Pour évoquer le premier voyage officiel d’un président des États-Unis en Chine, en 1972, le metteur en scène britannique John Fulljames adopte une clé de lecture radicalement différente de celle de Valentina Carrasco, à l’Opéra Bastille. À la diplomatie du ping-pong, succède ici un très original retour sur le passé.
Transporté dans les sous-sols peu éclairés d’un département secret américain, peuplé de rayonnages d’archives, le public comprend rapidement qu’il va assister à la recréation du déplacement de Richard Nixon, à Pékin. Une équipe de chercheurs, munie de blocs-notes et gantée de blanc, s’affaire, en effet, à examiner quantité de photos d’actualités et de coupures de presse, projetées sous forme de vidéos.

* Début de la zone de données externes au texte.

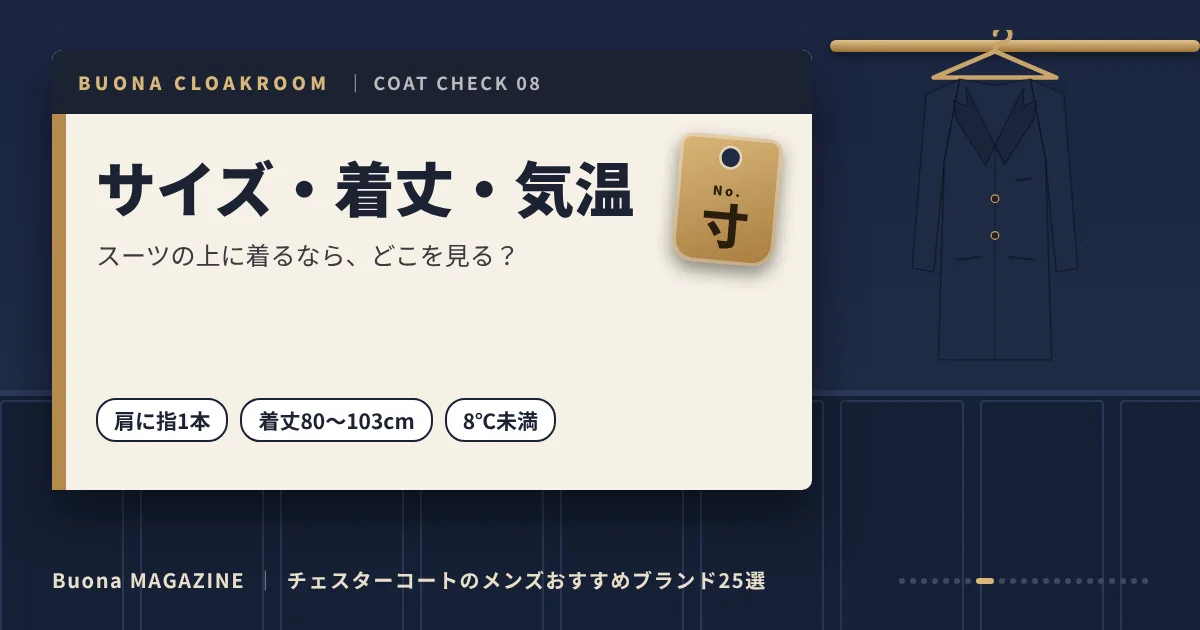 チェスターコートのメンズブランド｜サイズ・着丈・気温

Triés, sélectionnés et sortis de l’ombre, ces documents vont prendre vie sous nos yeux, les images de l’avion américain atterrissant sur le tarmac ou de l’arrivée du couple présidentiel, accompagné par Henry Kissinger, se substituant, comme par magie, aux personnages de l’opéra. De cet astucieux artifice naît un spectacle (re)joué à l’abri des regards indiscrets, dans un climat hautement confidentiel, par des chercheurs censés revenir sur cet événement historique.
Les scènes essentielles se succèdent, comme l’adresse de Richard Nixon aux journalistes, la rencontre avec Mao (sortant d’une boîte qui, une fois ouverte, laisse apparaître quatre fauteuils et une bibliothèque), sans oublier la représentation du ballet révolutionnaire, réglé par Madame Mao et vu par les invités assis sur des sièges de cinéma, eux-mêmes placés sur une tournette.

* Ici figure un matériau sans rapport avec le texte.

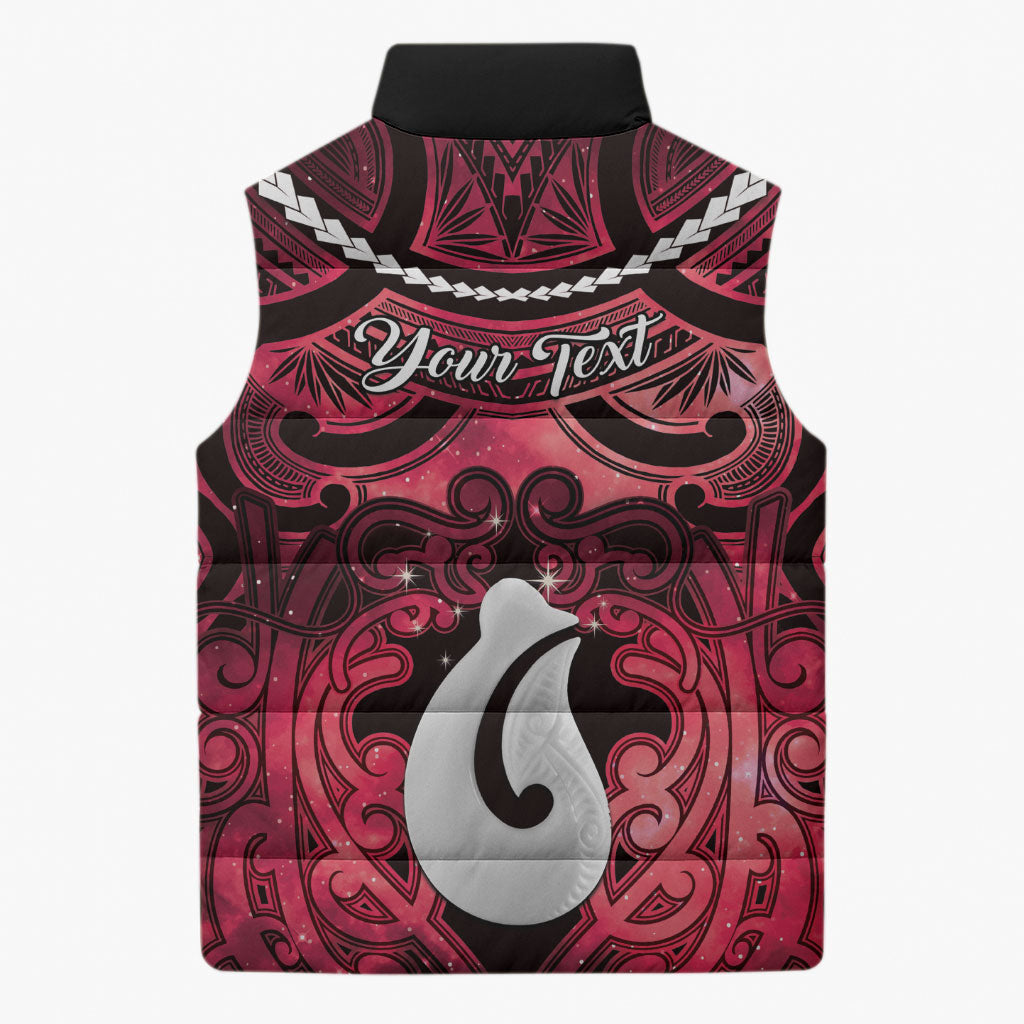 Personalised Maori Matariki Hei Matau Whero Sleeveless Puffer Jacket Maori Kowhaiwhai Pattern Galaxy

Là où le message de Valentina Carrasco se voulait plus politique, avec le désir de renvoyer dos à dos la plus vieille démocratie libérale, responsable cependant d’atrocités pendant la guerre du Vietnam, et celles commises par le système dictatorial chinois, menant à une sanglante révolution culturelle, le travail de John Fulljames se veut résolument factuel.

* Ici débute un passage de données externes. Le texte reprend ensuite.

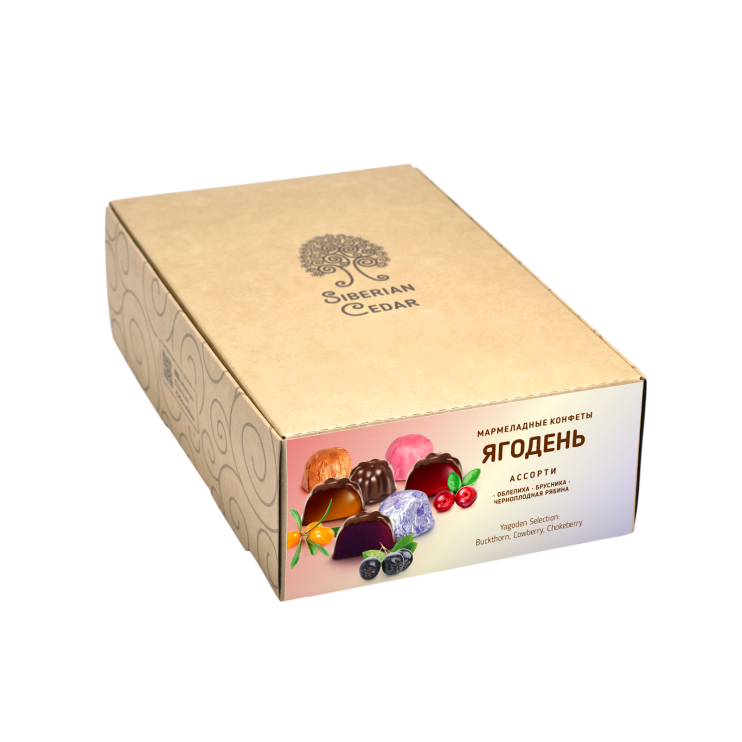 Мармеладные конфеты «Ягодень» ассорти, 540 г | шоу-бокс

Dirigés avec précision et vivacité, les protagonistes campent des personnages certes archétypaux, mais avec suffisamment de place pour laisser paraître une certaine humanité. Leigh Melrose joue Richard Nixon avec un charisme indubitable et une nervosité que son chant, parfaitement en place, révèle à chaque apparition avec force. Souriant aux caméras ou cherchant à faire bonne figure, face au discours décousu de Mao, le baryton britannique aborde le rôle avec une réelle rigueur.
Borja Quiza apporte une belle part de mystère à Henry Kissinger, qu’il interprète avec une distance voulue, à la différence de Jacques Imbrailo, qui paraît mal à l’aise en Chou En-Lai, avec un chant trop uniforme. Quant au ténor coréen Alfred Kim, son Mao, hurleur et tout d’un bloc, n’arrive pas à la cheville de celui de John Matthew Myers, à Paris.
Impeccable Pat Nixon, Sarah Tynan traduit à merveille la nature expansive de cette femme qui, malgré son ascension sociale, sait d’où elle vient et vit « chaque jour comme si c’était Noël ». De surcroît, la soprano britannique bénéficie d’une sonorisation nettement plus confortable que celle, erratique, de Renée Fleming (pourtant en grande voix), sur la scène de l’Opéra Bastille.
Beaucoup moins exubérante que Kathleen Kim, à Paris, Audrey Luna n’est pas la colorature ébouriffante que l’on attend en Madame Mao, les trois Secrétaires tirant habilement leur épingle du jeu, entourées d’un chœur moins envoûtant que dans la capitale française.
Après avoir entendu la partition dirigée par Gustavo Dudamel, nous pensions qu’il allait être difficile de le surpasser. Remplaçant Ivor Bolton, initialement annoncé, Olivia Lee-Gunderman propose cependant une lecture très pertinente, acclimatant chaque pupitre aux spécificités du langage de John Adams, avec justesse et sensibilité. La jeune Coréenne veille, également, à adoucir les arêtes parfois saillantes auxquelles donnait, peut-être, trop d’importance le chef vénézuélien.